▶ **DATASET CONTENT**
***

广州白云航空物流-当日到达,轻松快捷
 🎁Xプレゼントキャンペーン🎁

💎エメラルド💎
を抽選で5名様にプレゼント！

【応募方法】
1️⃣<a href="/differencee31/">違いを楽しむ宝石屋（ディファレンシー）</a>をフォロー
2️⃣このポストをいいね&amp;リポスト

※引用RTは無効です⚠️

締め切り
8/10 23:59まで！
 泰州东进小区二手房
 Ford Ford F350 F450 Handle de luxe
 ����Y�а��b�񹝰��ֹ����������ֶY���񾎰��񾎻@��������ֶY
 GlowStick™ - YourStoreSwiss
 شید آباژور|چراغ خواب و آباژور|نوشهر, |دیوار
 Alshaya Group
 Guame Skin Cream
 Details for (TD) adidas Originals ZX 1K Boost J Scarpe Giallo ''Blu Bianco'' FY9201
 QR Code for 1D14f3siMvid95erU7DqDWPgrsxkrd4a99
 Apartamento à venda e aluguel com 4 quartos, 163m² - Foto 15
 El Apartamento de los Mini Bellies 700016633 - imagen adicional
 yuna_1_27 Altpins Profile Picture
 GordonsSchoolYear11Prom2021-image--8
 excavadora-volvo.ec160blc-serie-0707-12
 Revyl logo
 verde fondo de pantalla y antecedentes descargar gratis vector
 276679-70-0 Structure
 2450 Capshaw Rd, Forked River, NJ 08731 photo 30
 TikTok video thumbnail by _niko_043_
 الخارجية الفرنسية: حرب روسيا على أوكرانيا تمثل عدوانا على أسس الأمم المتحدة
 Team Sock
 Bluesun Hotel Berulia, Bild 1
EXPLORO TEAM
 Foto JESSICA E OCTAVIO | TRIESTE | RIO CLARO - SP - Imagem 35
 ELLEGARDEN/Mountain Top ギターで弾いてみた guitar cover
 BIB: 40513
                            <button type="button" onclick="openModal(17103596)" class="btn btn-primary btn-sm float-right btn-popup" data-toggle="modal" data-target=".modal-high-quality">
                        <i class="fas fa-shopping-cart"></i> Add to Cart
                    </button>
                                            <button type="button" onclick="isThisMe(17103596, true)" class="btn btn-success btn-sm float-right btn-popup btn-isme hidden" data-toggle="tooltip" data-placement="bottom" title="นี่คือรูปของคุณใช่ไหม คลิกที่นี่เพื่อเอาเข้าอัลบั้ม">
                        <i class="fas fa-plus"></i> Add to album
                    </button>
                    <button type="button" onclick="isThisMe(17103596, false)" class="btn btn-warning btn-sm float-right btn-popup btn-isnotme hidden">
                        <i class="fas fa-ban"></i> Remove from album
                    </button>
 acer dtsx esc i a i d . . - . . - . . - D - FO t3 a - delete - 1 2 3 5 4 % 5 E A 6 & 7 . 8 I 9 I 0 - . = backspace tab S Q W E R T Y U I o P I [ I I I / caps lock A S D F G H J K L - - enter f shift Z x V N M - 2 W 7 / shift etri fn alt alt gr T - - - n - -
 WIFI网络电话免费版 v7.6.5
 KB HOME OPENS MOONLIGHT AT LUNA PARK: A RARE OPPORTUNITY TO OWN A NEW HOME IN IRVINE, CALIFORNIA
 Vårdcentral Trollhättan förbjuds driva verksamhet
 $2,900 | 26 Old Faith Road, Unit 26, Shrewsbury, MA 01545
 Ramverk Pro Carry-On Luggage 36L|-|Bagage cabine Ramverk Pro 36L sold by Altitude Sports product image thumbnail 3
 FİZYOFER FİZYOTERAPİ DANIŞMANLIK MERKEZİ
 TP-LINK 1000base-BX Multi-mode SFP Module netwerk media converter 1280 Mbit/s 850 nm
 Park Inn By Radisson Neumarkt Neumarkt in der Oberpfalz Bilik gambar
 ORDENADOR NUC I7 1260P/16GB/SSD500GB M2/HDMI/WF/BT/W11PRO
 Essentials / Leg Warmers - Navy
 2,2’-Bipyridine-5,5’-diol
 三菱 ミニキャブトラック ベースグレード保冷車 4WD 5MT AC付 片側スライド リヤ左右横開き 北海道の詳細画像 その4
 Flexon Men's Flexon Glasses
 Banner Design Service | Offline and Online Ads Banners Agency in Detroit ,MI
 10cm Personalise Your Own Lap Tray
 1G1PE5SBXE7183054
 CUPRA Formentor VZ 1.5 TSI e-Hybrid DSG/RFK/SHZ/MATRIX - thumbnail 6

***

▶ **YOUR INSTRUCTIONS**
Go through the listing above and copy each line that contains "float".

▶ **WRITTEN SOLUTION**
                            <button type="button" onclick="openModal(17103596)" class="btn btn-primary btn-sm float-right btn-popup" data-toggle="modal" data-target=".modal-high-quality">
                                            <button type="button" onclick="isThisMe(17103596, true)" class="btn btn-success btn-sm float-right btn-popup btn-isme hidden" data-toggle="tooltip" data-placement="bottom" title="นี่คือรูปของคุณใช่ไหม คลิกที่นี่เพื่อเอาเข้าอัลบั้ม">
                    <button type="button" onclick="isThisMe(17103596, false)" class="btn btn-warning btn-sm float-right btn-popup btn-isnotme hidden">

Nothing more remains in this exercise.